# Supplied records
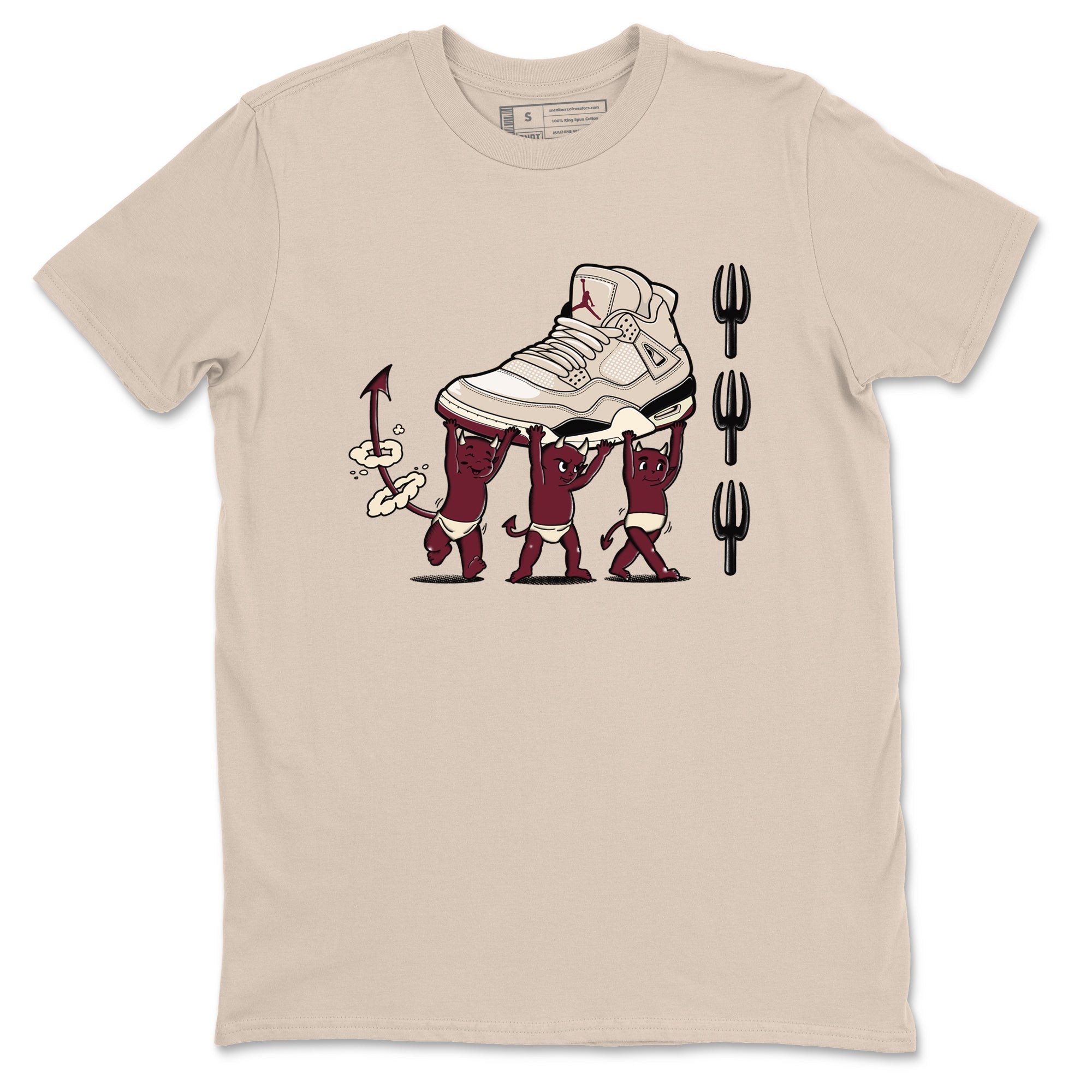 4s A Ma Maniere x Fossil Stone shirts to match jordans Devil Babies sneaker match tees 4s A Ma Maniere x Fossil Stone match shoes to clothes SNRT Sneaker Tees unisex cotton Sand 2 shirts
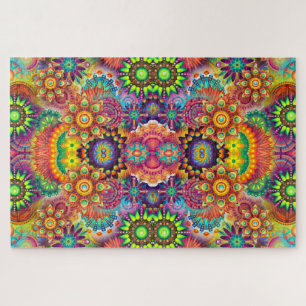 Quebra-cabeça Buquê Floral Colorida Mandala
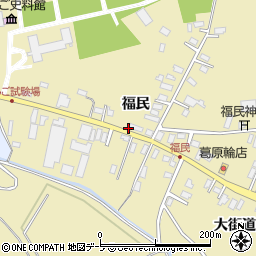 青森県黒石市牡丹平福民周辺の地図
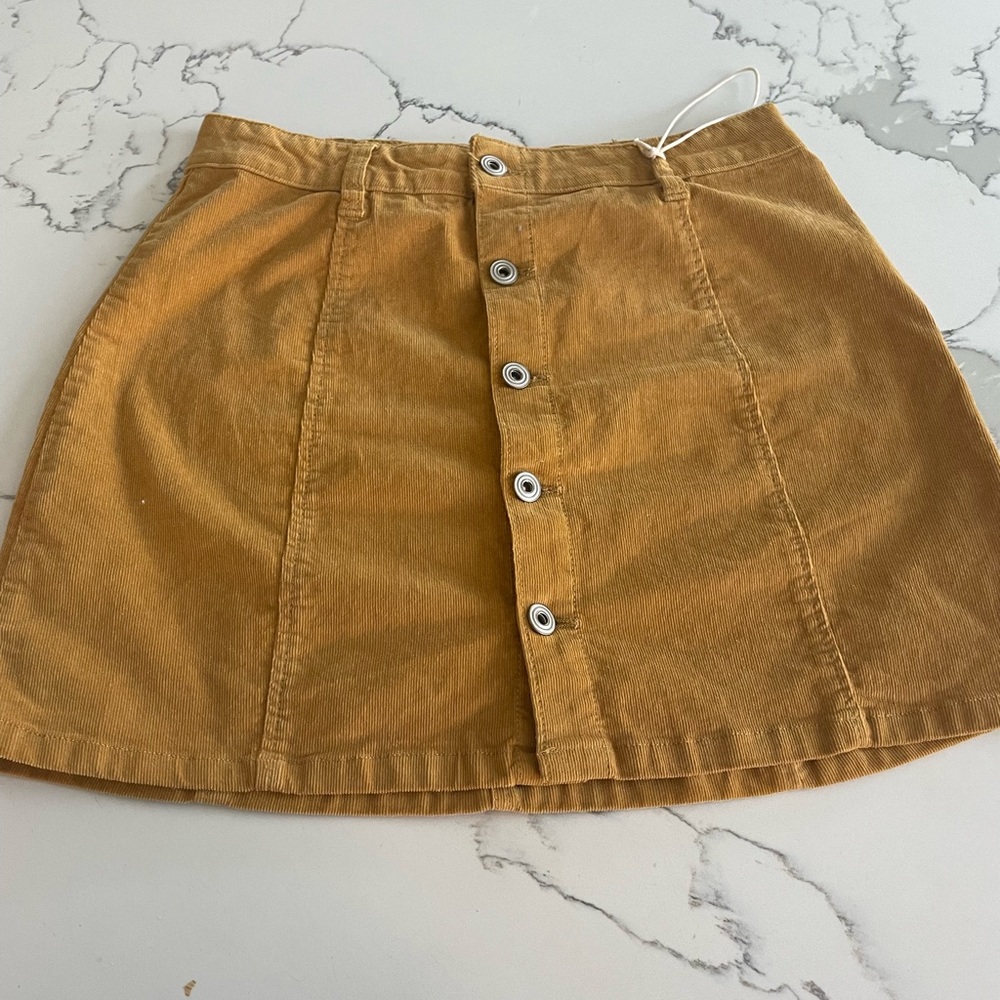 Yellow Corduroy Button Up Skirt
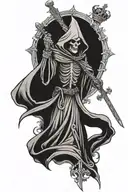 grim reaper with crown and catholic cross tattoo design idea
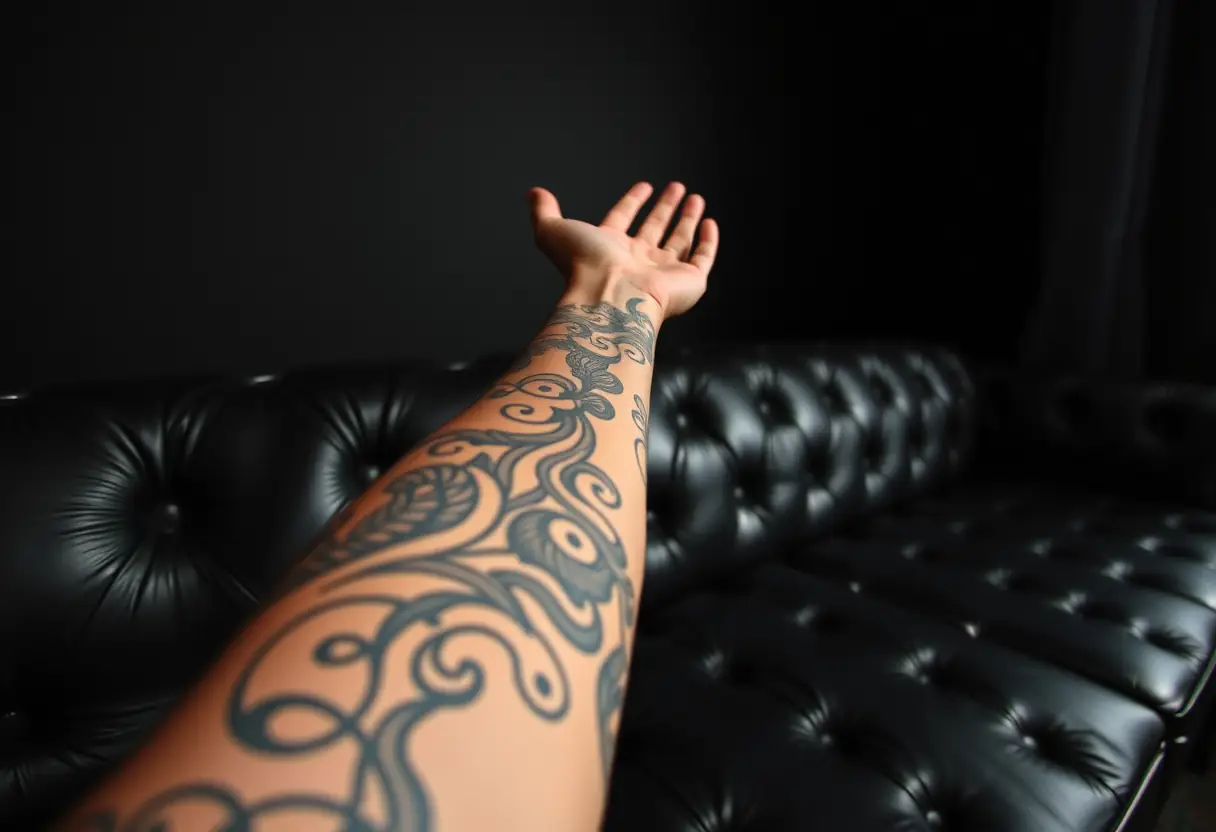 Un bras tatoué reposant sur un canapé en cuir, dans un studio de tatouage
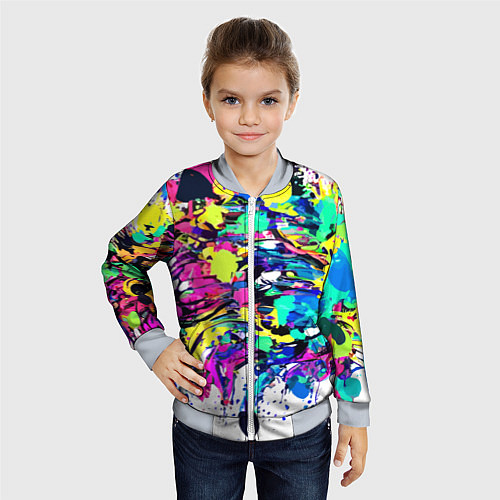 Детский бомбер Смелые мазки краски / 3D-Серый – фото 4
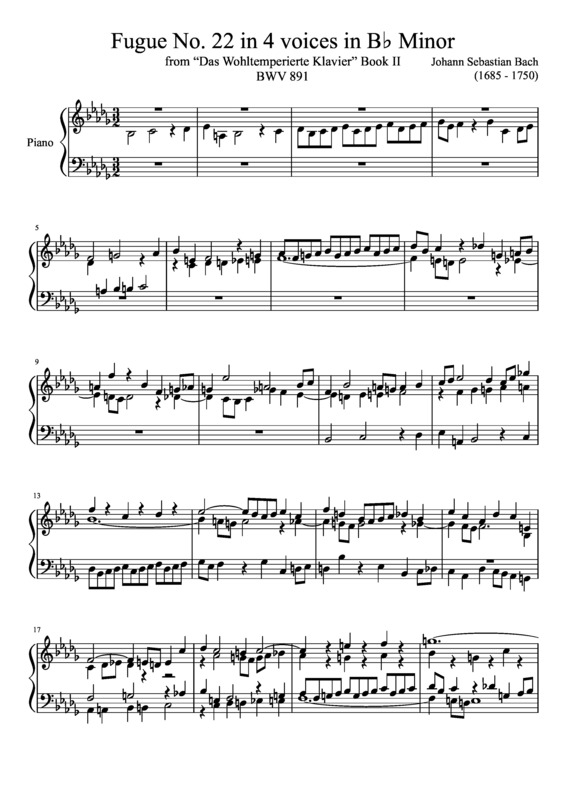 Partitura da música Fugue No. 22 BWV 891 In B Minor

# Activity
Give back the lines word for word, from the very first in the material above to the one that has "Un bras tatoué", both included, without the pictures.

# Final answer
 4s A Ma Maniere x Fossil Stone shirts to match jordans Devil Babies sneaker match tees 4s A Ma Maniere x Fossil Stone match shoes to clothes SNRT Sneaker Tees unisex cotton Sand 2 shirts
 Quebra-cabeça Buquê Floral Colorida Mandala
 青森県黒石市牡丹平福民周辺の地図
 Yellow Corduroy Button Up Skirt
 grim reaper with crown and catholic cross tattoo design idea
 Un bras tatoué reposant sur un canapé en cuir, dans un studio de tatouage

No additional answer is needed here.